Segment Start: Data shown
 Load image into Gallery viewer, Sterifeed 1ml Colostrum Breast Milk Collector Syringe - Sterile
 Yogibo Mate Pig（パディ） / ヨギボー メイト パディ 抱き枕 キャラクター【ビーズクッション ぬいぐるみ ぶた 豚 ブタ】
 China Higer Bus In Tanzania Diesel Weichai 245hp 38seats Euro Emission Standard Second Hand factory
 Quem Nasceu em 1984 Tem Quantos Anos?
Segment End: Data shown
Segment Start: Data shown
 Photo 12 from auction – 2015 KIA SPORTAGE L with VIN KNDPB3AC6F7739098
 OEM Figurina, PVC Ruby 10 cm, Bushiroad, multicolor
Segment End: Data shown
◆ Task requirements ◆
Write out exactly the lines that fall from the line with "Load image into" to the line with "Quem Nasceu em 1984 Tem Quantos Anos?" in the records above, keeping both ends.

◆ Answer below ◆
 Load image into Gallery viewer, Sterifeed 1ml Colostrum Breast Milk Collector Syringe - Sterile
 Yogibo Mate Pig（パディ） / ヨギボー メイト パディ 抱き枕 キャラクター【ビーズクッション ぬいぐるみ ぶた 豚 ブタ】
 China Higer Bus In Tanzania Diesel Weichai 245hp 38seats Euro Emission Standard Second Hand factory
 Quem Nasceu em 1984 Tem Quantos Anos?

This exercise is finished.